### Requirement
Give all of the listing again word for word, with images excluded.

### Task material
▬▬▬
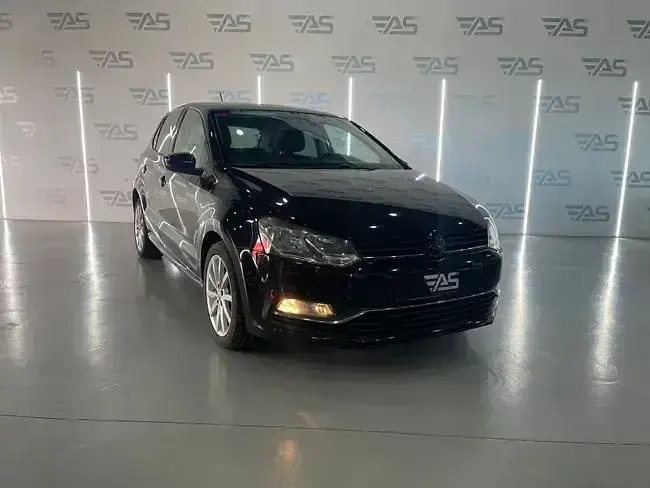 Usado VW Polo 90 CV (66 kW) 2014 Negro Utilitario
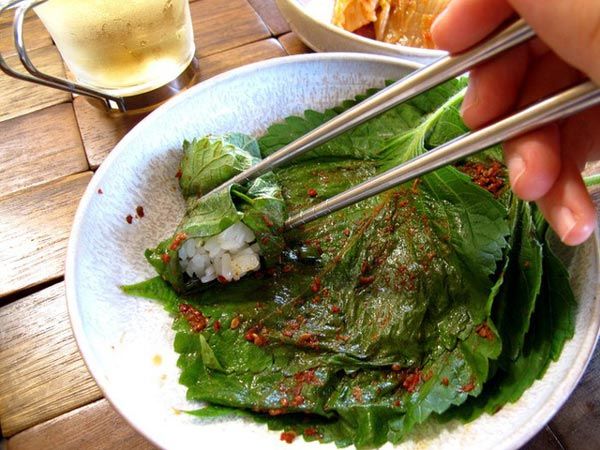 Các loại lá ở Việt Nam giá rẻ như cho, ra nước ngoài bán giá cao ngất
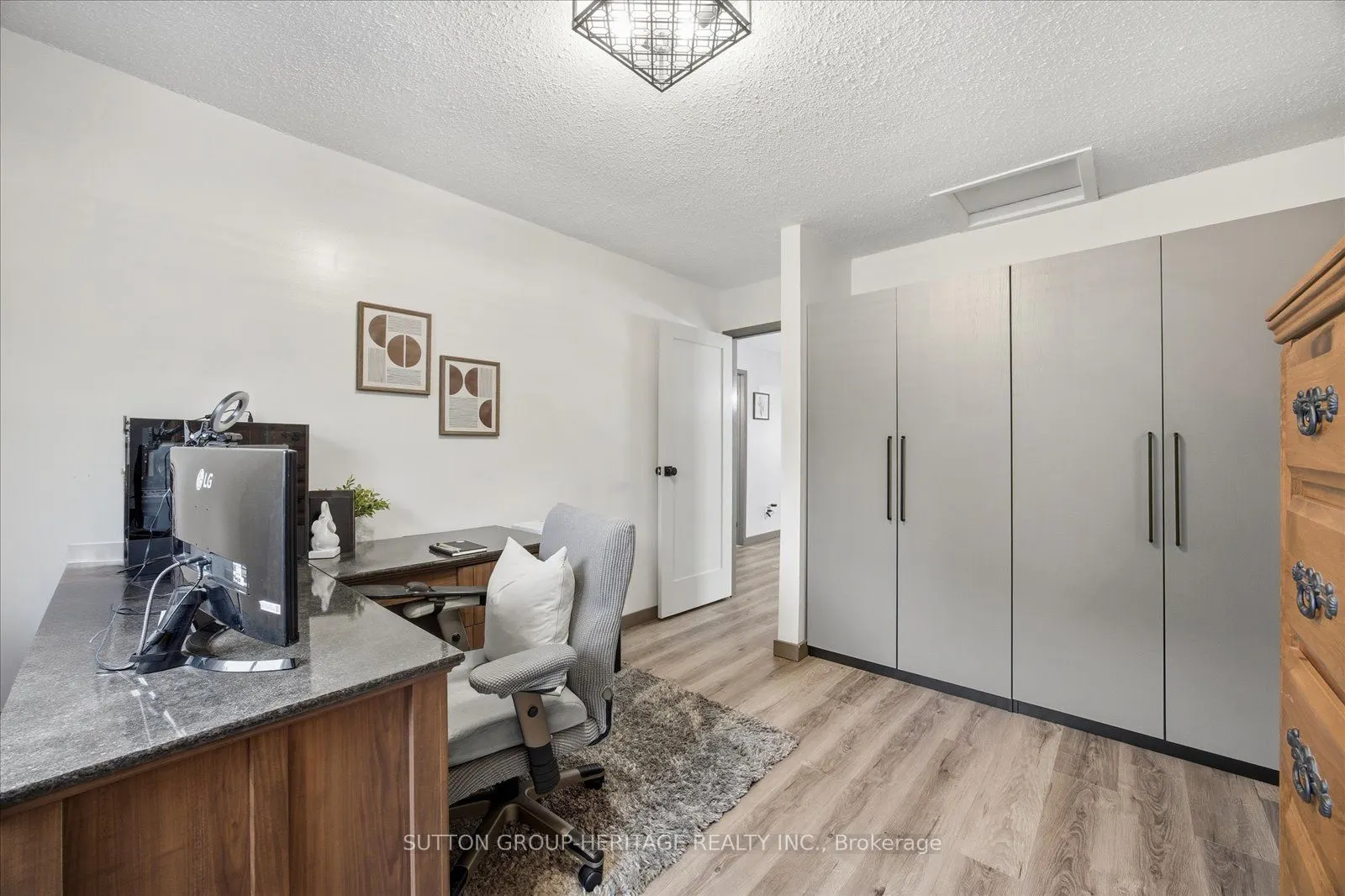 1509 Woodruff Crescent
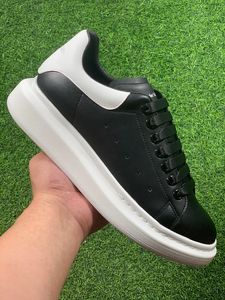 Mens de alta qualidade e mulheres sapatos casuais elegante ou bonito de fundo grosso pequeno sapatos brancos preto-platina tonalidade de tonalidade vermelho cinzento tênis tamanho 36-44 com caixa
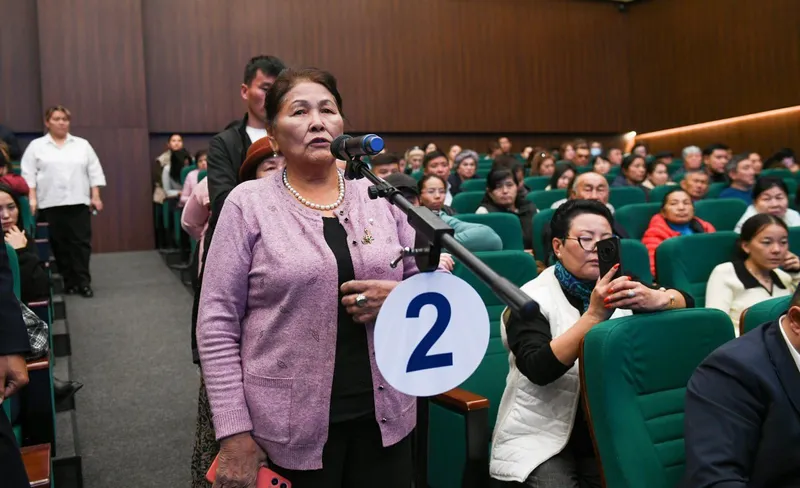 встреча с акимом, фото - Новости Zakon.kz от 17.10.2025 18:51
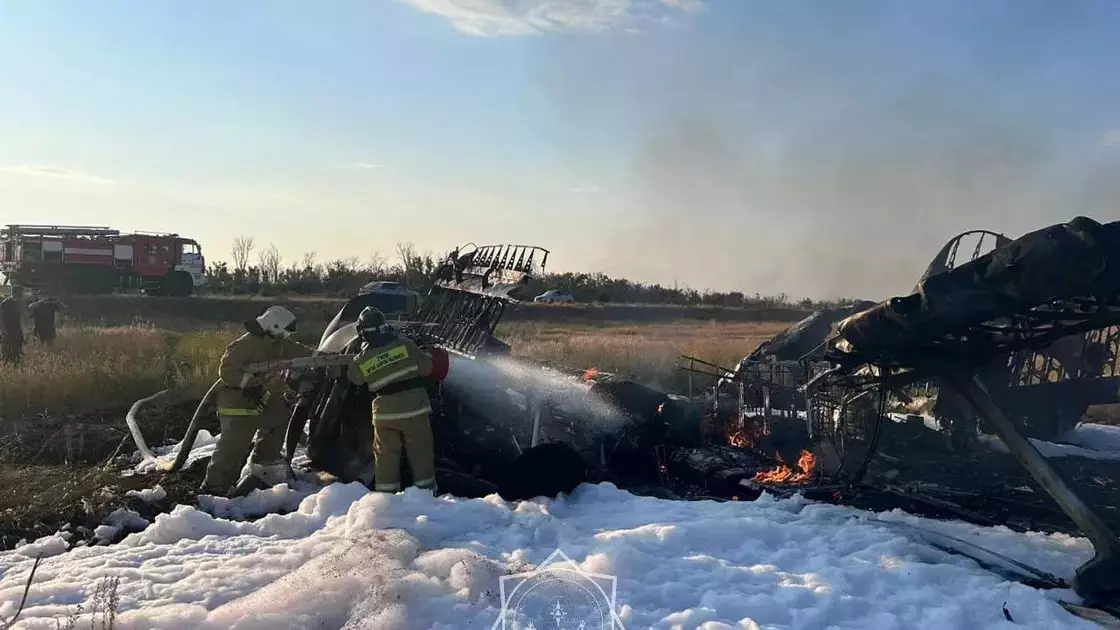 Самолет загорелся при взлете в Акмолинской области (фото, видео)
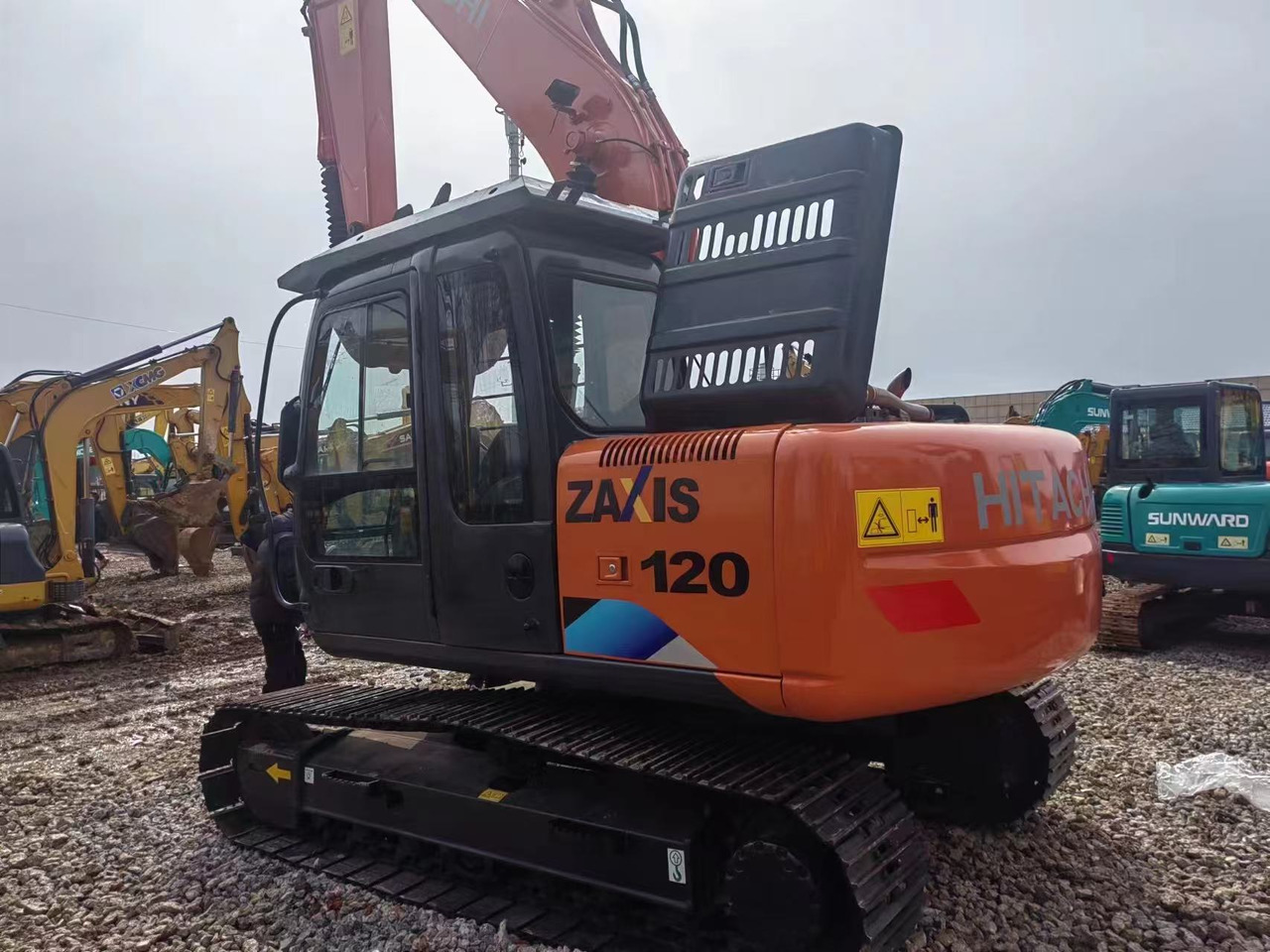 HITACHI ZX120 - Kāpurķēžu ekskavators: foto 2 HITACHI ZX120 - Kāpurķēžu ekskavators: foto 2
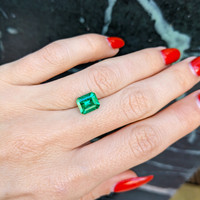 1.85 Ct. Emerald from Colombia Life Style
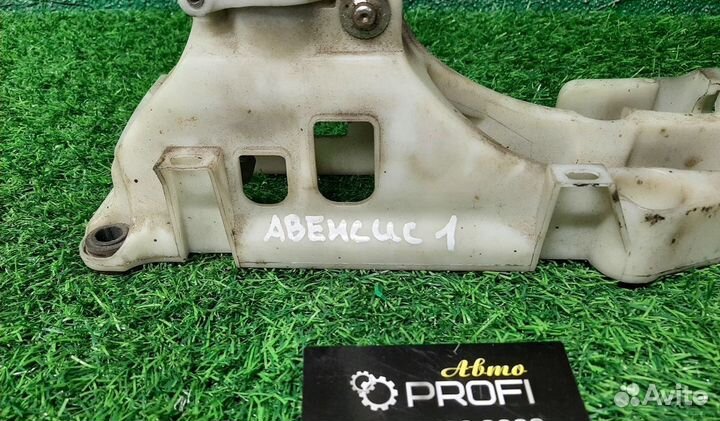 В наличии: Кулиса на Toyota Avensis 1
▬▬▬
### Solution to the exercise
 Usado VW Polo 90 CV (66 kW) 2014 Negro Utilitario
 Các loại lá ở Việt Nam giá rẻ như cho, ra nước ngoài bán giá cao ngất
 1509 Woodruff Crescent
 Mens de alta qualidade e mulheres sapatos casuais elegante ou bonito de fundo grosso pequeno sapatos brancos preto-platina tonalidade de tonalidade vermelho cinzento tênis tamanho 36-44 com caixa
 встреча с акимом, фото - Новости Zakon.kz от 17.10.2025 18:51
 Самолет загорелся при взлете в Акмолинской области (фото, видео)
 HITACHI ZX120 - Kāpurķēžu ekskavators: foto 2 HITACHI ZX120 - Kāpurķēžu ekskavators: foto 2
 1.85 Ct. Emerald from Colombia Life Style
 В наличии: Кулиса на Toyota Avensis 1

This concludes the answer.